He said no subscription was needed, without making any qualification. That was not a true statement, it was a lie. Saying there are circumstances in which the subscription might not be needed is not what the seller said, he flat out said a subscription is not needed. He wasn't shading the truth, he was making an untrue statement for the purposes of defrauding the buyer.

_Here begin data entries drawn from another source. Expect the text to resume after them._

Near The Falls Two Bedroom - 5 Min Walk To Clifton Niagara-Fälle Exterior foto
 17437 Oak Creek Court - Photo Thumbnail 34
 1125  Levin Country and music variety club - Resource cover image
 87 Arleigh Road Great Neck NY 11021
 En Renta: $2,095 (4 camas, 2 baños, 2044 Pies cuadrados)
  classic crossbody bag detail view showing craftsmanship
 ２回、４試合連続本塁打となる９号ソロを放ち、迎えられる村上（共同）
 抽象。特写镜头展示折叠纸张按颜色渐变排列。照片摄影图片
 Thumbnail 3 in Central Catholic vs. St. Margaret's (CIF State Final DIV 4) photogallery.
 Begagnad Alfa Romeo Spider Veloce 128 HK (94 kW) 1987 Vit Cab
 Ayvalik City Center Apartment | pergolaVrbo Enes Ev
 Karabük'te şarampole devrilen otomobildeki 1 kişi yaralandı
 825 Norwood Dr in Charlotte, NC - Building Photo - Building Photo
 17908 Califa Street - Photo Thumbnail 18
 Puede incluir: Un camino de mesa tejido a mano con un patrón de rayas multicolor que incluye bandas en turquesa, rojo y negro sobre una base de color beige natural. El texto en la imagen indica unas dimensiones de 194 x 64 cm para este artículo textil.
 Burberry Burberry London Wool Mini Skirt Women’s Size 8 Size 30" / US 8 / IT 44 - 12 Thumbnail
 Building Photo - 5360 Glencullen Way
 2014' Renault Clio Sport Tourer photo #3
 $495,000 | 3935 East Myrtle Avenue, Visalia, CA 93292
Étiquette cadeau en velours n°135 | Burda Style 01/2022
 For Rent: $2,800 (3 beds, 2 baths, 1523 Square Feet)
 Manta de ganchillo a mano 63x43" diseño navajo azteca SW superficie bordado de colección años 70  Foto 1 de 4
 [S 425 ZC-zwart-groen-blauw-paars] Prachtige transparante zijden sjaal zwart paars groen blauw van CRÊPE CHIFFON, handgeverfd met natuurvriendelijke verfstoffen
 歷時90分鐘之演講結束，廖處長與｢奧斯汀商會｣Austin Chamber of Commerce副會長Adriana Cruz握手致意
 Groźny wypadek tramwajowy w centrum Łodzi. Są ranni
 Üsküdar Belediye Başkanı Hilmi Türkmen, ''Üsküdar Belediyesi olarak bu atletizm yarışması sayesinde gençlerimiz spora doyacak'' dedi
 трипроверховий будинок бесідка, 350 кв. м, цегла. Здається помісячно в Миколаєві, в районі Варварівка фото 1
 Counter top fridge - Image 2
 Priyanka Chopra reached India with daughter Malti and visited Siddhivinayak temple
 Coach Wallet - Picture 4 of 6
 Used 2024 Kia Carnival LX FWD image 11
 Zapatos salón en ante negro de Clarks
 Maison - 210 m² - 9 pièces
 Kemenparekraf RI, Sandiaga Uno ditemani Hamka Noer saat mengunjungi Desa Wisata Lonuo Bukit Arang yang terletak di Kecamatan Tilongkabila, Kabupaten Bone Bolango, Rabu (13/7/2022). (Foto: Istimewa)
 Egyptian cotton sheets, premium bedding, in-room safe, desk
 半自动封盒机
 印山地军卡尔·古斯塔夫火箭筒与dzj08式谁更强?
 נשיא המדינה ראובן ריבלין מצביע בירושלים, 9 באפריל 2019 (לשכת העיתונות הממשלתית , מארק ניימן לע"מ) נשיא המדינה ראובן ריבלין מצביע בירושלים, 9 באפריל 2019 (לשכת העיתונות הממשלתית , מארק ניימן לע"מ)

To make the seller's statement true, one would have to add qualifications that the seller did not in fact make.

TL;DR: Seller said no subscription is needed, but seller knows that the buyer would need a subscription.


----------



## krkaufman (Nov 25, 2003)

tampa8 said:


> The seller darn well knew what the buyer was really asking but the question asked got a true answer back.


If the seller understood the context of what the buyer was asking, then his response was not "true."


----------



## Mikeguy (Jul 28, 2005)

tampa8 said:


> I strongly credit the OP for seeing and letting people know you have to ask the right questions.
> See, that is not true. You do not need a subscription to hook it up, then change channels and watch TV. The OP is exactly right, you have to ask the right question. The seller darn well knew what the buyer was really asking but the question asked got a true answer back. A decent seller would have added what I just did and said if you want a program guide etc you would need a subscription. You can bet if someone is selling a TIVO with a lifetime subscription attached they will make that very clear.
> 
> A decent seller would make a deal to take it back, perhaps in exchange for no rating left or a good rating of the seller since he took it back and at the cost of the buyer. This does not sound like a decent seller. But I don't see that he outright lied or that you can prove he purposely mislead.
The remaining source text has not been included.